You will release a small version for consumer hardware like the v2 generation?
I think will be very usefult center this model in CHAT more than other fuctions like code and math.
+1 here
The ONLY way for ordinary people to run it is on CPU with 12 RAM slots motherboards (i don't see any other way, there won't be consumer GPUs in any near future for such VRAM sizes). Such motherboards made many years usually for Xeons, even today from Asus, Gigabyte always made them - today very fancy server ones for newest DDR5 RAM. But you can get even older their boards for DDR4, i got such for only $150 from China. In these motherboard you can get a Terabyte Ram total, GPU can work as off-load accelerator in such tools like oobabooga or LMstudio based on llama-cpp, of course there's bandwidth problem, but there's no other way. CPUs must be no less than 12 cores, latest AMD CPU with 100+ cores i'm sure will be very fast on level of good GPU, but it costs thousands. Home clusters solutions like network of certain PCs are too weird and not useful today, usually it's projects from chain of super expensive Macs on which Ram & storage is a historically painful topic.
About RAM, in such boards mostly you can use only LRDIMM Ram modules which twice in size of ordinary, used server DDR4 LRDIMM in 64Gb quite cheap was ~$90 each, 128Gb still rare and quite expensive. LRDIMMs with radiator are very hot in use, twice warmer than ordinary RAM, together in 12 RAM boards it can get into 90C degrees without additional ventilation.
Storage. This huge models are already beyond our current PC hardware limits. There's a problem of loading such huge model into RAM from storage. Even NVMe SSD speed is not enough already for such sizes and NVMe very expensive for such sizes of terabyte or more.
I've tested loading Meta Llama 3 405 billions from ordinary hard drive and loading it into RAM in q5 quality size takes 30 minutes, on NVMe kinda 10-15 minutes. Model need to be loaded only once at the start, after that it's working from RAM only.
Running THIS model.
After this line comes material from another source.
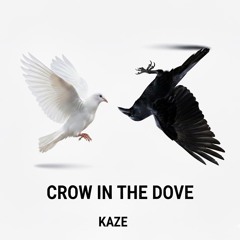 Crow in the Dove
I see the problem that first quantized bf16 file are twice bigger than this original model, everything above terabyte in storage is unrealistic to run today locally. This BF16 need to be quantized into smaller quality sizes and better it to be less than terabyte. I want to try that model but on my hardware maybe the q4 oe even q3 quality is max.
When i've used Meta 405 billions it disappointed me not even by speed (it was very slow) but by censorship, it can't do much except very mundane tasks like calculation or encyclopedia. I don't see value in such model tool.
Deepseek V2.5 latest is for now the best and valuable tool, it can do programming logic & code in size of only 236 billions. It's really fast on 22 cores CPU than Meta Llama 405 billions, it uses in q8 quality kinda 270Gb Ram, but in q6 also good quality may use less and be fitted in 4 RAM motherboards which supports 256Gb Ram total.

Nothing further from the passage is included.